Cela, qui émerge, se passe en Argentine au début du XX° siècle mais cela pourrait se produire à peu près n'importe quand et sous n'importe quelles latitudes tant ce qui importe ce n'est pas l'inscription dans le temps et dans l'espace mais l'essence même de l'enfance que Norah Lange ressuscite avec une éblouissante maestria doublée d'une économie de moyens impressionnante. Et ce qui saisit, c'est que chaque page est d'une portée universelle et cependant le regard qui sévit est d'une singularité totale, d'une singularité telle qu'on prend conscience de n'avoir jamais rien lu d'équivalent auparavant.

Le texte est composé de brèves séquences, découpes lapidaires, mémoire lamellisée. On entre abruptement, comme dans un bain d'eau froide, dans une scène restituée avec une précision implacable. La plupart du temps la narration débute par un "Elle" (plus rarement "il") indéfini dont l'identité se précise ou non à mesure que la scène se déroule, que le portrait se déploie ou se cisèle. Bien sûr, il est question des proches, des très proches de Norah : sa mère, son père, ses cinq soeurs, son unique frère mais aussi les gouvernantes, les bonnes, les voisins... Peu à peu, les spécificités de chaque soeur se dégagent et saillent : il y a Irène, l'aînée, l'éclatante, la radieuse, la souveraine irréprochable qui aimante et impressionne, il y a Martha, la frondeuse, l'enragée, l'alternative, puis Georgina la douce, la vaporeuse, la fragile, si méticuleuse et Esthercita la prématurément disparue et enfin Susanna, si proche de la narratrice qu'elle ne se distingue quasiment pas d'elle. Il y a, certes, une progression temporelle linéaire et il y a aussi la classique évocation des événements marquants, des drames fondateurs : l'enfance insouciante à Mendoza jusqu'à la mort du père qui motive une autre fracture, à savoir le déménagement, l'installation à Buenos Aires, très rapidement suivie de cette secone tragédie que fut le décès précoce de la benjamine des soeurs.

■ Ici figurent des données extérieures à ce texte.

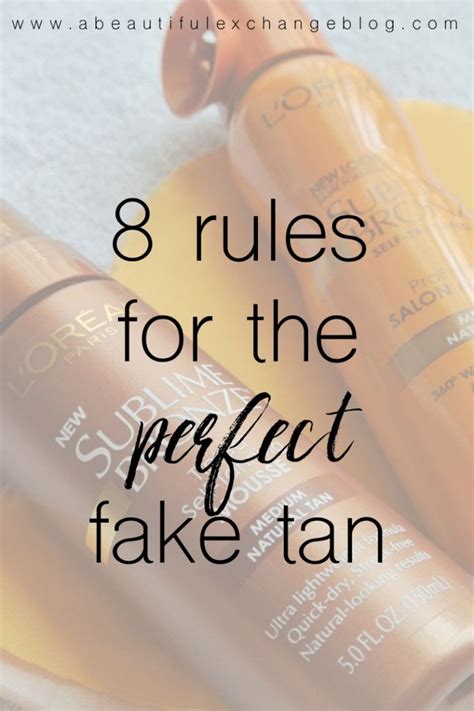 how often to apply false tan.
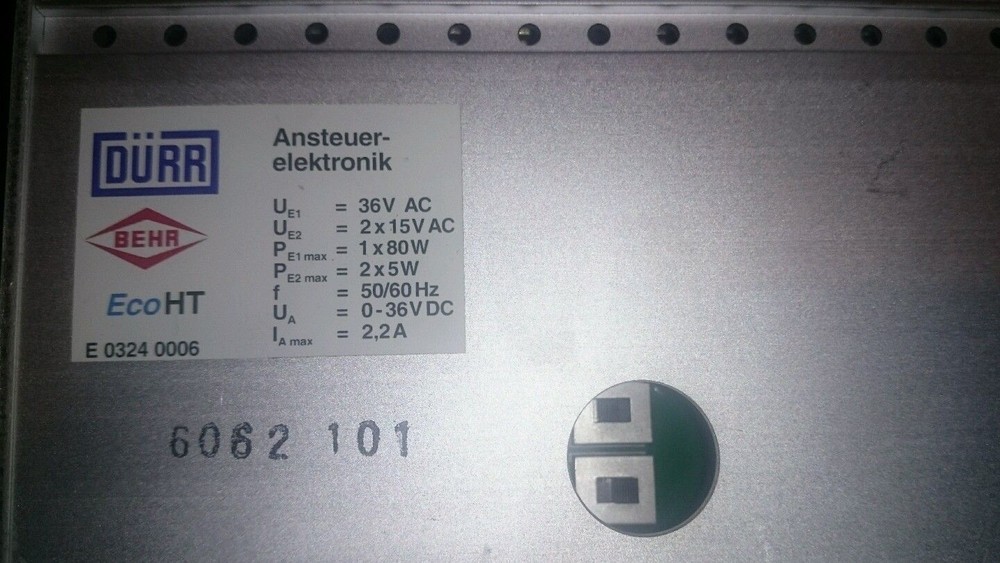 EcoHT, Dürr Behr, 6062101 control electronics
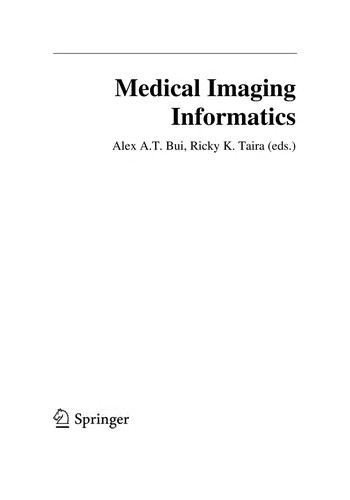 Cover for Medical imaging informatics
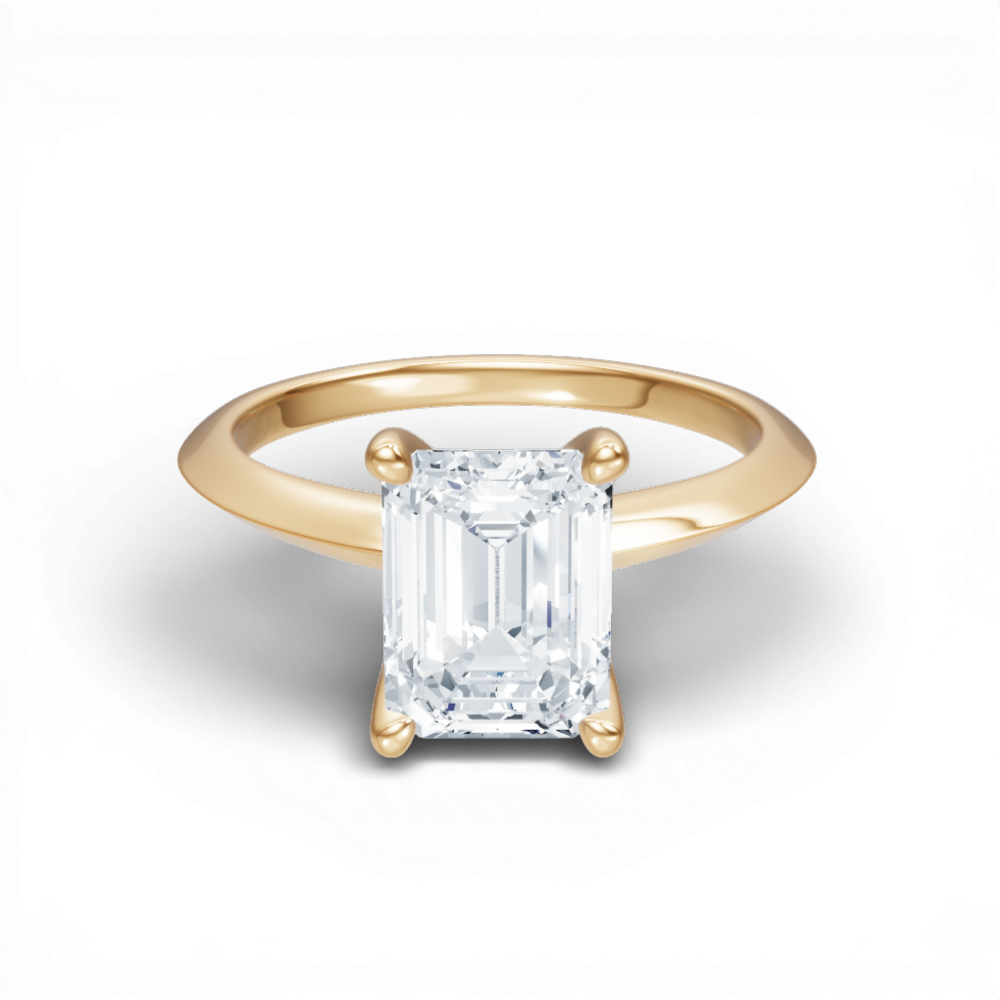 14kt yellow gold/18kt yellow gold/emerald/top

En dehors de ces grandes lignes bien rectilignes, Norah Lange ne sacrifie aucunement aux codes de la narration conforme. L'enfance, pour elle, ce sont surtout des sentations et c'est la perception des visages aimés, des êtres chers mais perçus sous un angle tel qu'ils portent la signature inaliénable de l'artiste et ne paraissent probablement familiers qu'à elle seule. Tant son regard prélève dans le réel des fractions insolites, du pur inattendu.

Il y a par exemple beaucoup de place accordée aux très fréquents et très obsessionnels rites conjuratoires et propriatoires, une attention extrême portée aux jeux d'ombre et de lumière et à tout ce qui, de manière générale, relève du visuel. Il est question aussi des sons qui acquièrent une valeur hypnotique et suscitent terreur ou envoûtement. Et puis on assiste à toutes les tractations et négociations auxquelles l'enfant se livre, accomodements intimes pour rendre le monde pliable et le réel habitable.

Il y a aussi des pensées tout à fait spécifiques que la jeune Norah nourrit, devenues talismaniques et  ne souffrant aucune remise en cause. Elle est par exemple convaincue que le degré de féminité se mesure au degré de faiblesse, de fragilité, à l'aptitude à s'alanguir, se décolorer, s'évanouir voire s'évaporer.

Ou alors il y a le rapport précocement passionnel au langage, aux mots qui la fascinent d'abord et exclusivement dans leur aspect purement typographique. Puis qui à l'adolescence, deviennent mantras martelés et offensifs, force de frappe, arme de destruction massive. Tout cela est écrit au cordeau, ciselé dans une langue suprêment sèche, tendue, acérée, qui claque comme un coup de fouet.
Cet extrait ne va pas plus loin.